1. reportStart()函数上报本机信息给ams,从该函数开始
func main() {
...
if config.Config.Enable.Report {
reportStart()
}
...
2. 定时循环上报
func reportStart() {
go report.LoopReport()
}
func LoopReport() {
duration := time.Duration(config.Config.Report.Interval) * time.Second
for {
time.Sleep(duration)
if err := report(); err != nil {
logger.Error("report occur error: ", err)
}
}
}
根据前面配置文件解析内容可知config.Config.Report.Interval是从agent.yml获取到的数据,即每10秒上报一次
report:
# 调用ams的接口上报数据,需要ams的token
token: ams-builtin-token
# 上报周期,单位是秒
interval: 10
3. 上报任务
func report() error {
name, err := os.Hostname()
if err != nil {
return fmt.Errorf("cannot get hostname: %s", err)
}
//获取上报信息,使用config.Config.Report.Fields,
//可见是根据agent.yml中report:fields上报数据的,
//只需要在agent.yml中添加自定义的上报信息即可
fields, err := gatherFields(config.Config.Report.Fields)
if err != nil {
return err
}
...
}
func gatherFields(m map[string]string) (map[string]string, error) {
ret := make(map[string]string)
for k, v := range m {
//获取具体数据
output, err := exec(v)
if err != nil {
logger.Errorf("get %s by exec %v err:%v", k, v, err)
continue
}
ret[k] = output
}
return ret, nil
}
func exec(shell string) (string, error) {
//虽然直接根据agent.yml文件report:fields字段也能猜测自定义字段也是一条shell命令
//但本处直接确定就是使用shell
out, err := sys.CmdOutTrim("sh", "-c", shell)
if err != nil {
return "", fmt.Errorf("cannot exec `%s', error: %v", shell, err)
}
return out, nil
}
4. 根据前面内容已知添加自定义字段需要在agent.yml的report:fields字段添加,key为字段名,value为shell语句
fields:
cpu: cat /proc/cpuinfo | grep processor | wc -l
mem: cat /proc/meminfo | grep MemTotal | awk '{printf "%dGi", $2/1024/1024}'
disk: df -m | grep '/dev/' | grep -v '/var/lib' | grep -v tmpfs | awk '{sum += $2};END{printf "%dGi", sum/1024}'
// 模拟需要添加的是获取本机架构
arch: uname -i
5. 上报url
func report() error {
...
//封装成如下格式上报
form := hostRegisterForm{
SN: SN,
IP: IP,
Ident: Ident,
Name: name,
Cate: config.Config.Report.Cate,
UniqKey: config.Config.Report.UniqKey,
Fields: fields,
}
content := form.SN + form.IP + form.Ident + form.Name + form.Cate + form.UniqKey
var keys []string
for key := range fields {
keys = append(keys, key, fields[key])
}
sort.Strings(keys)
for _, key := range keys {
content += fields[key]
}
form.Digest = str.MD5(content)
//要获取ams的ip,说明会上报到ams,如果有多个ams,每个ams都会接收到数据
servers := address.GetHTTPAddresses("ams")

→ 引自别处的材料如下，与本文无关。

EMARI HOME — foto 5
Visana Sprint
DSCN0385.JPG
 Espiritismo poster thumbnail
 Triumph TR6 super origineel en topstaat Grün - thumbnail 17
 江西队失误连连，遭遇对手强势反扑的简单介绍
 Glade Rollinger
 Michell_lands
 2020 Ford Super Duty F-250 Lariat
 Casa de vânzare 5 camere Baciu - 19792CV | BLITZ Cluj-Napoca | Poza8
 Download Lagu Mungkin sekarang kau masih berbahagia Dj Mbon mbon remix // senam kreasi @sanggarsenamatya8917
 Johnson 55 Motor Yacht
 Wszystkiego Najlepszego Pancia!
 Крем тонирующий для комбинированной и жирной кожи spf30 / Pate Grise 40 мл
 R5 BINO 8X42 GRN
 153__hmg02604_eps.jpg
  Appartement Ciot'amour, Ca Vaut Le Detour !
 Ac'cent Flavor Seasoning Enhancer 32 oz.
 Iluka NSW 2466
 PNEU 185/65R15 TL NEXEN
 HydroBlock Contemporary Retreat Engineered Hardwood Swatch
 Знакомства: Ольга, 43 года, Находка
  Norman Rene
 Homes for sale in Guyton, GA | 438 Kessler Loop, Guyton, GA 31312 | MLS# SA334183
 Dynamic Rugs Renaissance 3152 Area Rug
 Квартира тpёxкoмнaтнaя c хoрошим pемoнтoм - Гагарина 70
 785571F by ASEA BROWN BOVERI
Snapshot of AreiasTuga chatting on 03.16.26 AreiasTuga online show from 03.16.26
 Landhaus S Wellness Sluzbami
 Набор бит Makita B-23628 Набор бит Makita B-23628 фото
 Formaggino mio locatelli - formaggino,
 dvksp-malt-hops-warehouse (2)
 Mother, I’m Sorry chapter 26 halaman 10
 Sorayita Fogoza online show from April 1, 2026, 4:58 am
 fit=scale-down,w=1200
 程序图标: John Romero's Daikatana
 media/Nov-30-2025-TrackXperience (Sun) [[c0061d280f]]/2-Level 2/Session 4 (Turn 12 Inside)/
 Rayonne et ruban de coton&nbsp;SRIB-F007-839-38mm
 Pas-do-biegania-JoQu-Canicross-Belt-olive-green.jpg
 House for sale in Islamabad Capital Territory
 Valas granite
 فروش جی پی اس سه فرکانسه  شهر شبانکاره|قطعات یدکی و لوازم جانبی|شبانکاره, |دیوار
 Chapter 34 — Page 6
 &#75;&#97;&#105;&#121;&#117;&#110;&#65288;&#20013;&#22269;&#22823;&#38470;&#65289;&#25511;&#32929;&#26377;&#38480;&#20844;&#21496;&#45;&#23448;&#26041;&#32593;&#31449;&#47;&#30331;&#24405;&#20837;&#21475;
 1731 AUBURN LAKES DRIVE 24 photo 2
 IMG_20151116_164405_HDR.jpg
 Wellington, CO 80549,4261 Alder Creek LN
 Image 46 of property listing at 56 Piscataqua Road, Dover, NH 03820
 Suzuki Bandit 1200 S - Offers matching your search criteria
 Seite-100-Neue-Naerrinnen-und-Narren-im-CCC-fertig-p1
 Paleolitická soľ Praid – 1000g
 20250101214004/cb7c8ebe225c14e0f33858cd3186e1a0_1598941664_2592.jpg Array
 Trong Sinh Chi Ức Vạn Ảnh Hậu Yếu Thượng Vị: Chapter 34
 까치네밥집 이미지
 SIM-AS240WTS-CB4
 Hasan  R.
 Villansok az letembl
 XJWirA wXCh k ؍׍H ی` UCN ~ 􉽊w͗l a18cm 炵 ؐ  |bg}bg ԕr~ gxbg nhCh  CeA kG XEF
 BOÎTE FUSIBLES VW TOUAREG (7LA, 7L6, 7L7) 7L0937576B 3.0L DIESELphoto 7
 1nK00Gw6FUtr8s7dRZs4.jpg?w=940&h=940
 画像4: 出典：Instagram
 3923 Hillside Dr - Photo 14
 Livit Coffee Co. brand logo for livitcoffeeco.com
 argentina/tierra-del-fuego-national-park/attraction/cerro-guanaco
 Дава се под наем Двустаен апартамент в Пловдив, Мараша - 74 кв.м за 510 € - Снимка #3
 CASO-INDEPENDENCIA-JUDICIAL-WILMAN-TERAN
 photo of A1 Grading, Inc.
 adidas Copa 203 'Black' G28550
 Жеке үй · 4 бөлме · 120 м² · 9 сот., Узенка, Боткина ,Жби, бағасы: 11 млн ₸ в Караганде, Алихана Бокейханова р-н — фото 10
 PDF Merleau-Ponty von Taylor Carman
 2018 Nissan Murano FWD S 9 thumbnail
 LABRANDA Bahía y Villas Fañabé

for _, i := range rand.Perm(len(servers)) {
//ams的v1/ams-ce/hosts/register,接下来需要去到ams的该url看如何获取数据
url := fmt.Sprintf("http://%s/v1/ams-ce/hosts/register", servers[i])
logger.Debugf("report: %+v", form)
var body errRes
err := httplib.Post(url).JSONBodyQuiet(form).Header("X-Srv-Token", config.Config.Report.Token).SetTimeout(time.Second * 5).ToJSON(&body)
if err != nil {
js, _ := json.Marshal(form)
logger.Errorf("report payload: %s, token: %s", string(js), config.Config.Report.Token)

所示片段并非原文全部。